-- MATERIAL FOR THIS TASK follows --
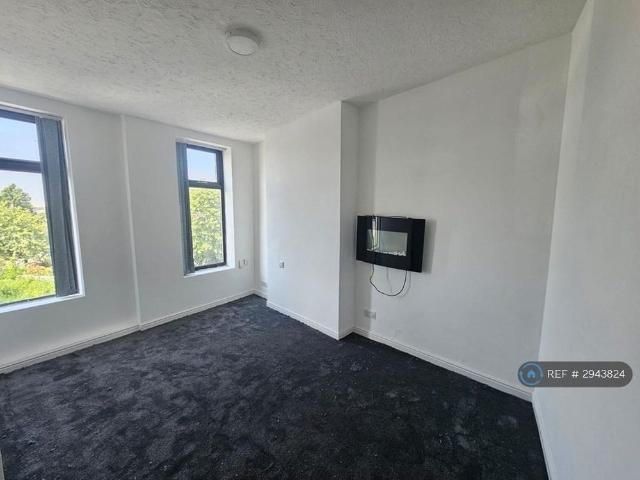 Apartment for rent in Westleigh, Wigan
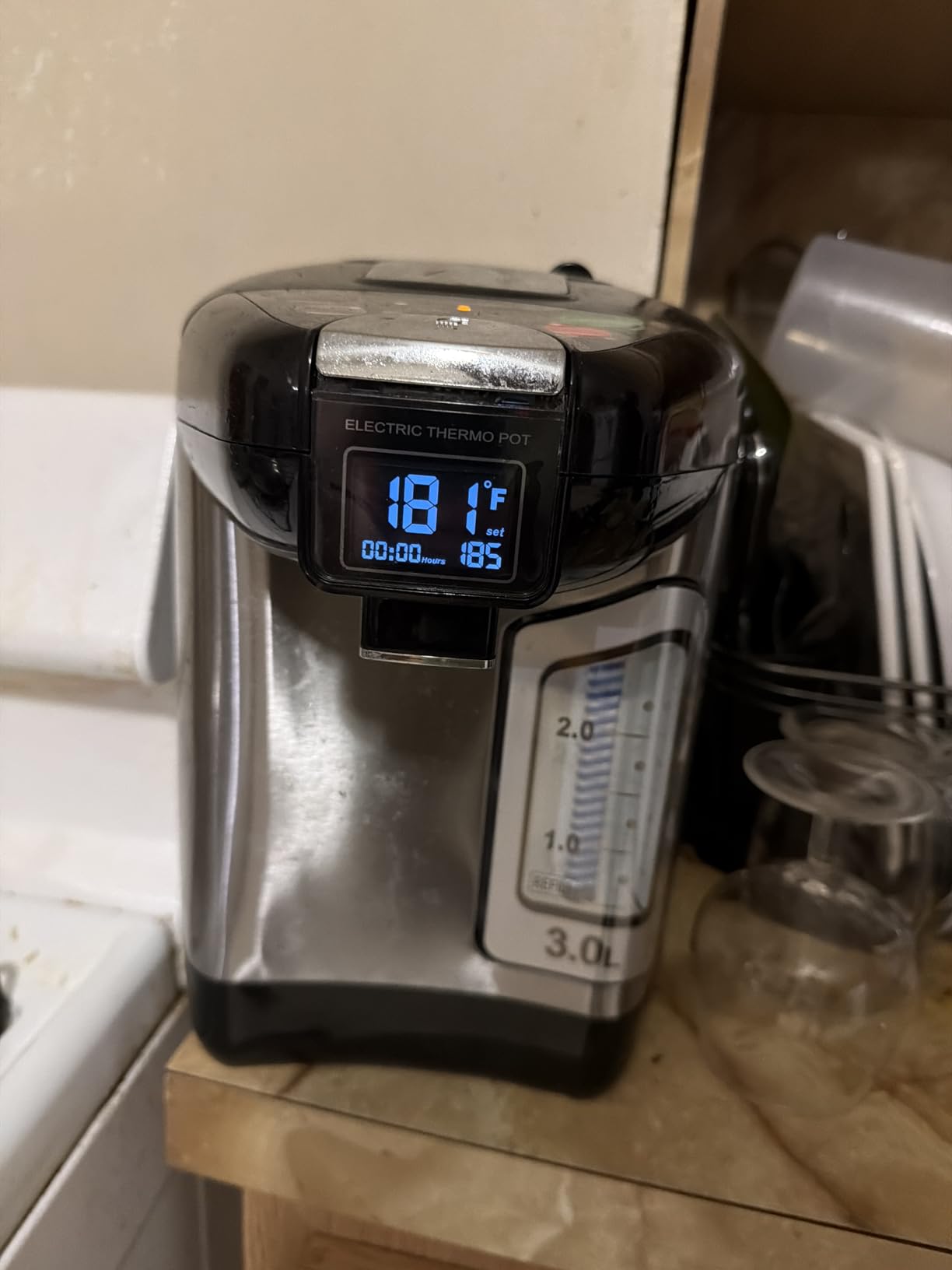 NutriChef Digital Water Boiler and Warmer - 4L/4.23 Qt Stainless Electric Hot Water Dispenser w/ LCD Display, Rotating Base, Keep Warm, Auto Shut Off, Safety Lock, Instant Heating for Coffee & Tea customer photo 1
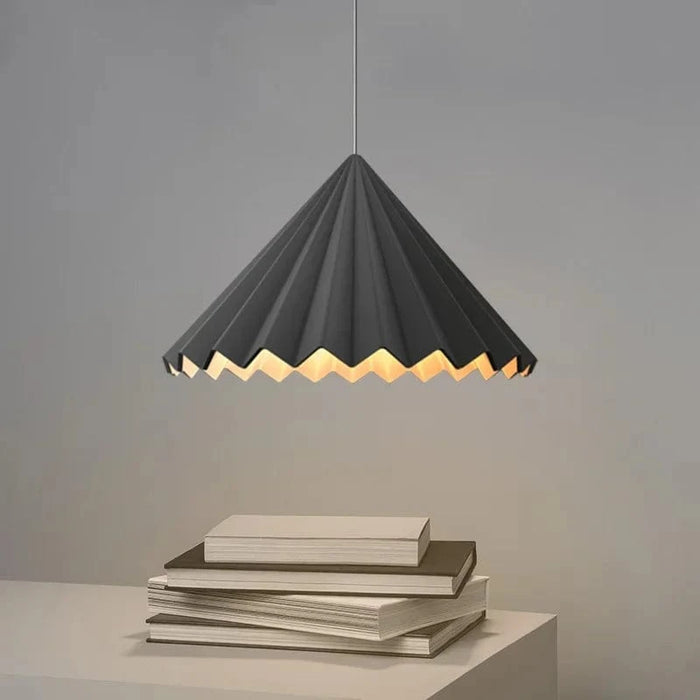Suspension Nordique en résine avec parapluie Led : Design minimaliste pour éclairage de salle à manger ou cuisine | Marco Lucetti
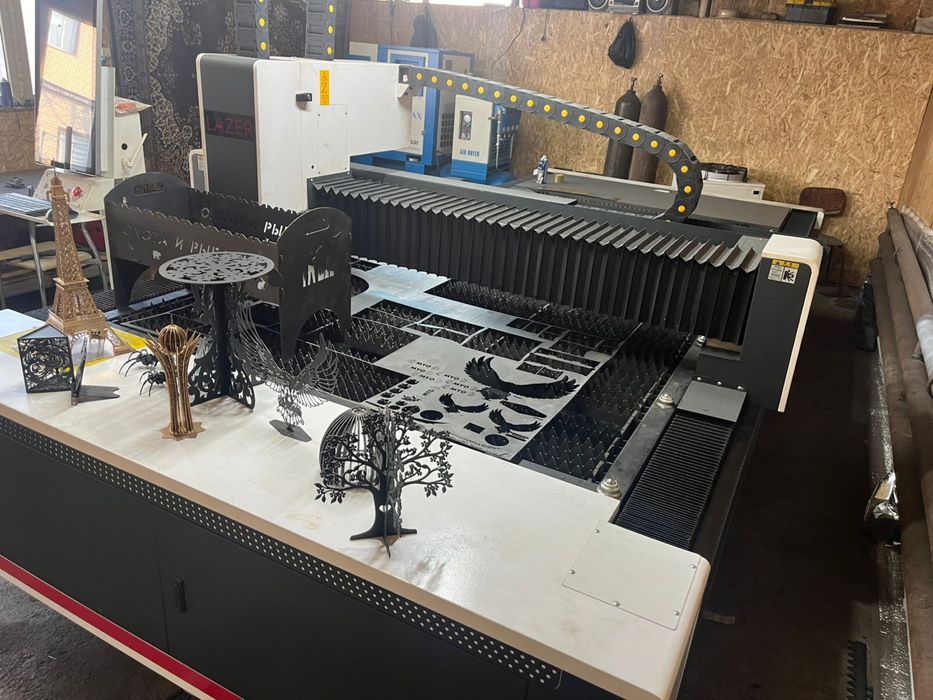 Лазерный станок для резки металла!!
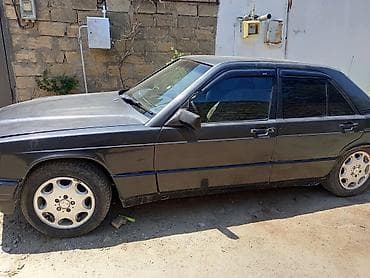 mercedes atego: Mercedes-Benz 190 (W201) sedan - Kuzov: 4 qapılı sedan, qara rəng - — 5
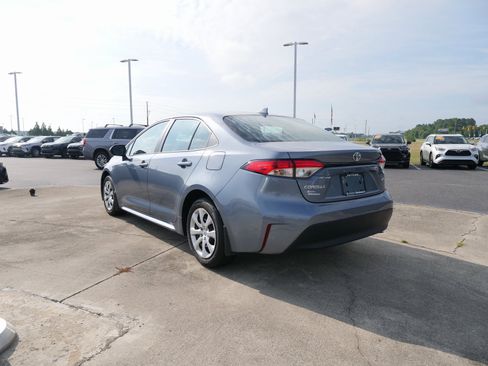 Used 2025 Toyota Corolla LE image 6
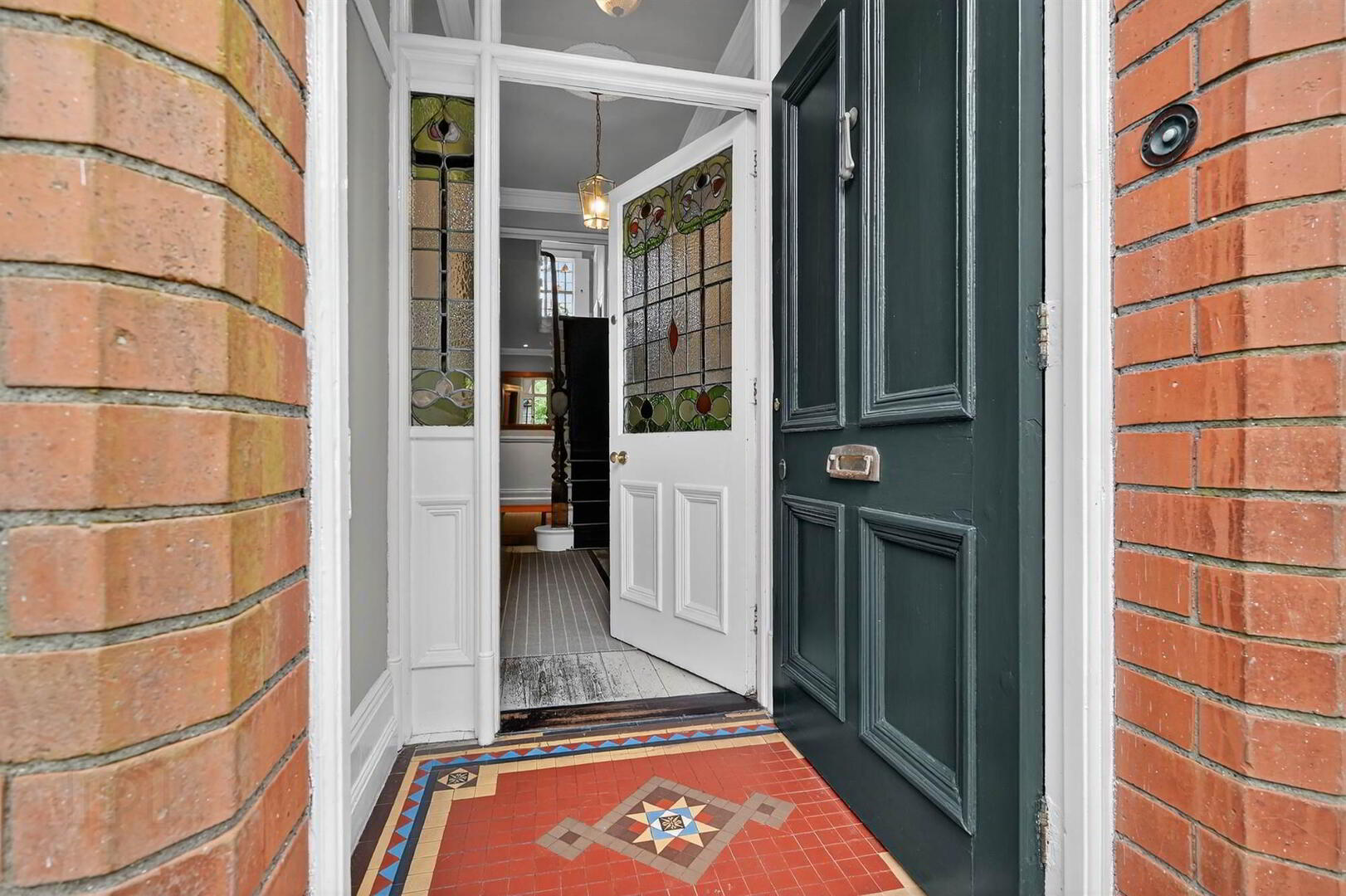 79 Osborne Park 3 of 27
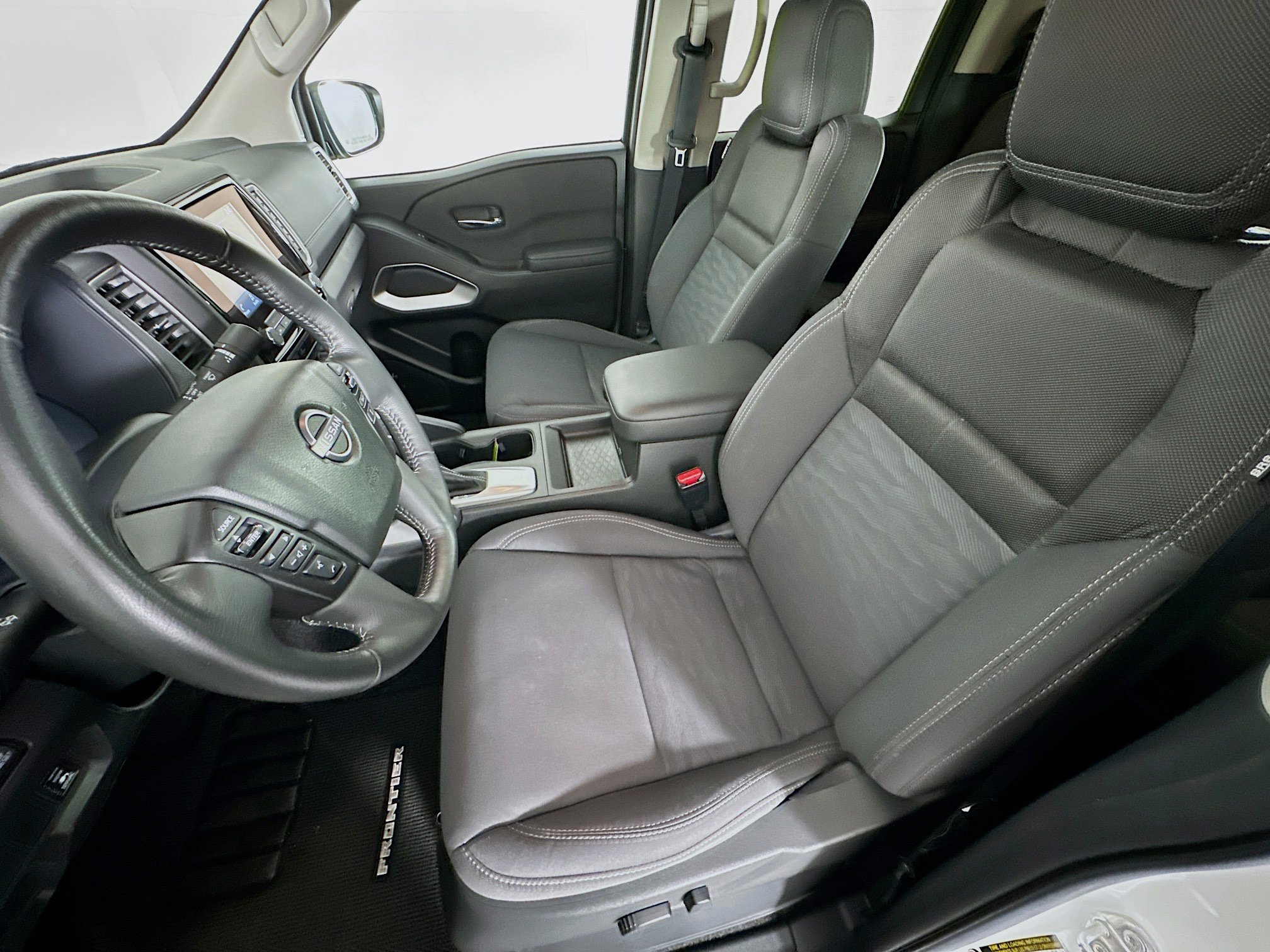 Used 2024 Nissan Frontier SV w/ SV Convenience Package image 13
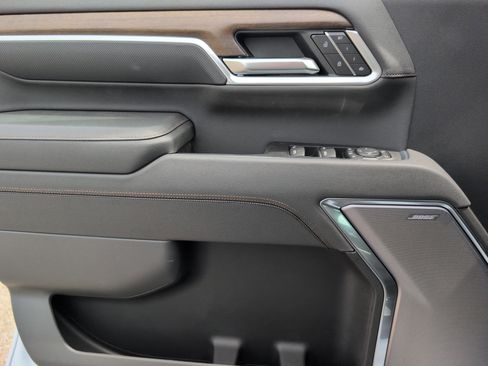New 2026 Chevrolet Silverado 2500 High Country w/ High Country Premium Package AWD/4WD image 15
-- MATERIAL FOR THIS TASK concluded --
A faithful copy of every record is needed here. Leave the images out of it.

 Apartment for rent in Westleigh, Wigan
 NutriChef Digital Water Boiler and Warmer - 4L/4.23 Qt Stainless Electric Hot Water Dispenser w/ LCD Display, Rotating Base, Keep Warm, Auto Shut Off, Safety Lock, Instant Heating for Coffee & Tea customer photo 1
Suspension Nordique en résine avec parapluie Led : Design minimaliste pour éclairage de salle à manger ou cuisine | Marco Lucetti
 Лазерный станок для резки металла!!
 mercedes atego: Mercedes-Benz 190 (W201) sedan - Kuzov: 4 qapılı sedan, qara rəng - — 5
 Used 2025 Toyota Corolla LE image 6
 79 Osborne Park 3 of 27
 Used 2024 Nissan Frontier SV w/ SV Convenience Package image 13
New 2026 Chevrolet Silverado 2500 High Country w/ High Country Premium Package AWD/4WD image 15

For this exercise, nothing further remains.